The whole thing -- the Jones’s new American life -- leaves you breathless. And yet somehow it works. Anyone who might have been concerned about how Jones might play after hanging out with so many celebrities got a quick answer when he joined New England and instantly became one of the league’s most influential players (unlike many big-name midseason arrivals, like Thierry Henry and David Beckham, who didn’t establish themselves in MLS until after their first half-seasons).
During New England’s run through the playoffs, Jones has shown again that he’s a freak of nature, a player whose motor runs just as fast in the 90th minute as in the first. What’s more, he has embraced a leadership role on the team. Jones may not have grown up in the U.S., but his style is completely American. Whereas Germans may have balked at his big personality, Jones has found that American fans will love you if you show that bravado and, most importantly, can back it up with your performance on the field.
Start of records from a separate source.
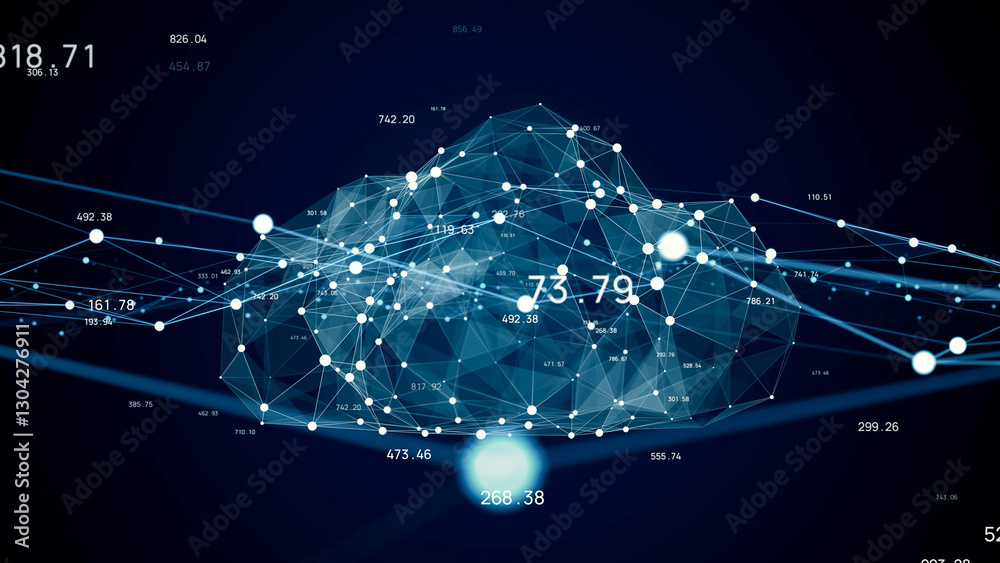 Aufkleber Cloud computing concept. Software as a Service. SaaS. Communication network.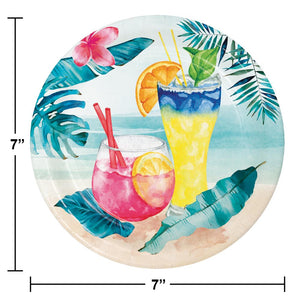 Bulk Pack of 24 Summer Breeze 6.75" Paper Dessert Plate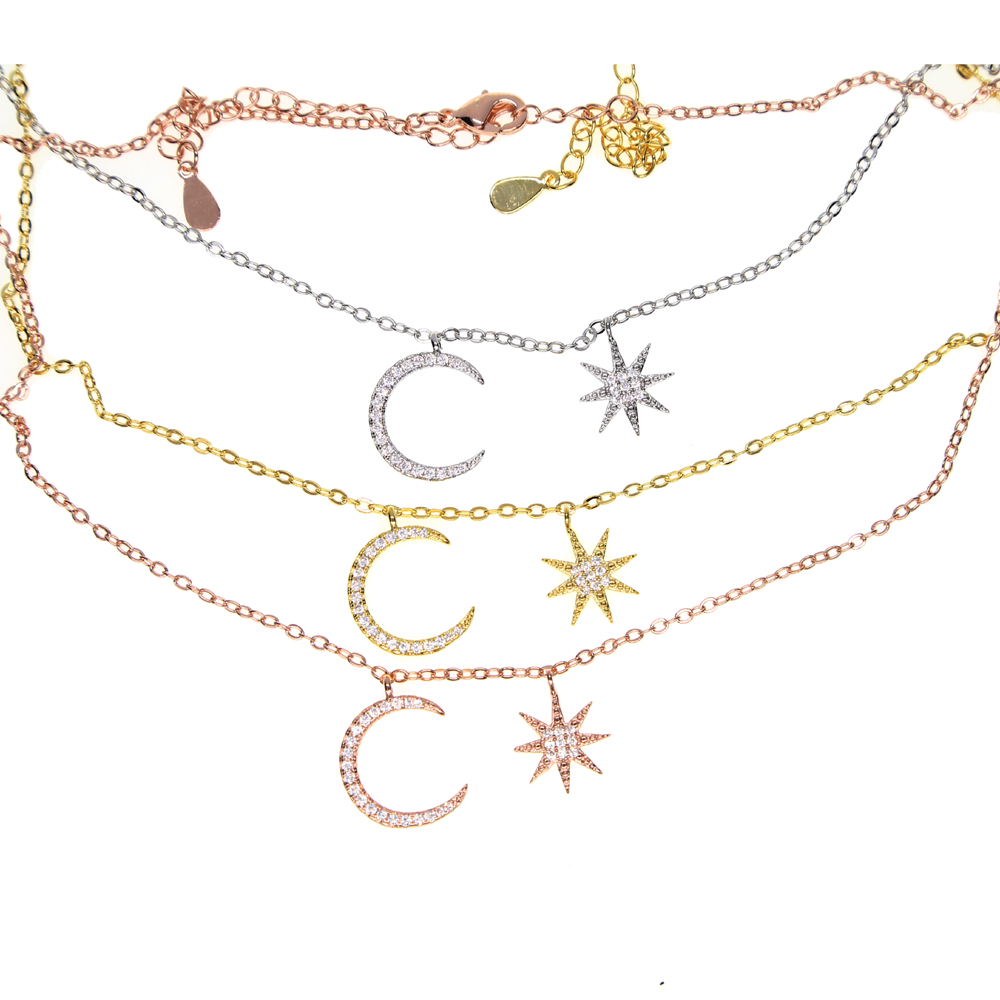 fashion jewelry simple christmas design delicate chain 3 color micro pave cz sparling moon star pendant choker necklace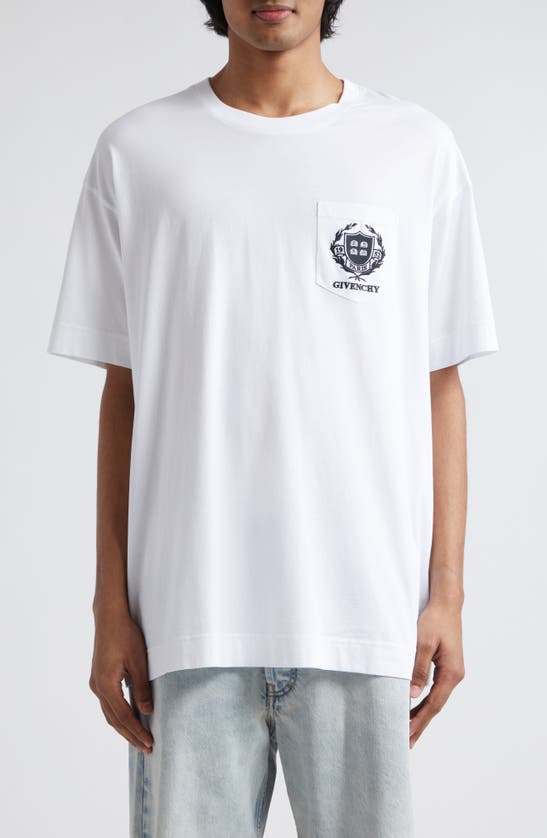 Shop Givenchy Laurel Crest Logo Oversize Pocket T-shirt In White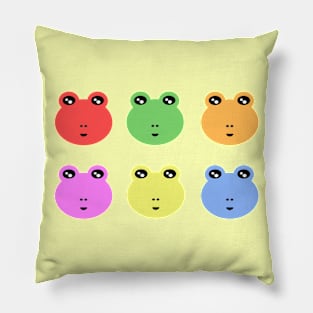 Colourful Frogs Pillow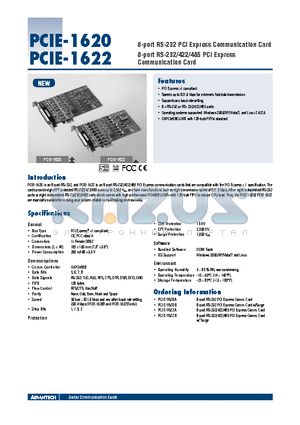 PCIE-1622B datasheet - 8-port RS-232/422/485 PCI Express Communication Card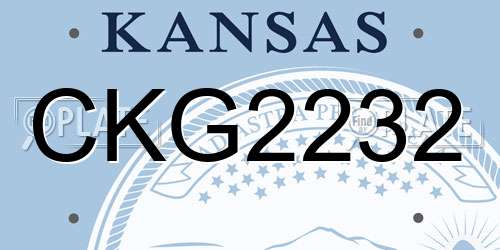 CKG2232 Kansas License Plate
“He’s been excellent since he walked in,” says New England coach Jay Heaps. “I’m watching him around his teammates and how he interacts, and when he’s the last guy to leave and he’s palling around with rookie players, that to me says a lot about him and his character … After being around him and how he plays, you realize what a good footballer he is. He brings all the energy and defensive work and covers a lot of ground, but how he plays and distributes the ball is also key.”
The biggest challenge for the Joneses, however, is that Jermaine plays in a city that’s a six-hour flight from where his family lives. For the first time, they’re considering hiring a live-in nanny so that Sarah can make occasional visits to New England next season.
“It’s tough when you have kids and you want to be close with them and see how they grow up and everything,” says Jermaine. “But I told my wife, if the league makes the decision that I have to go to New England, then I have to do it. And I have to play one-and-a-half years good, and then we’ll see what happens.”
Who knows? That reality show might even happen. Sarah says the family has been approached about doing one. “People are asking us to do that,” she says, “but when they are telling me they want to write a script, I’m out of it. If it’s only me and Jermaine and maybe my daughter, because she wants to be an actress, that’s fine. But I can’t tell my five-year-old twins like, ‘Just behave like you lost your passport.’ No, I can’t do that.”
“When everyone visits me, they’re like, ‘You don’t need a script, your life is so crazy already!’”
Crazy in a fun way, though. Jermaine has his MLS Cup final on Sunday, and then he’ll stay at home for a while. Next week Chuck Liddell and his wife, Heidi, are coming over with their four kids and a bunch of friends for a Minnie Mouse party the Joneses are hosting for their younger daughter. Then a week later they’re hosting a party for their older daughter.
“It’s like every week you are doing something,” says Sarah with a wide smile.
Yep, the world needs a Jones family reality show. Let’s make it happen.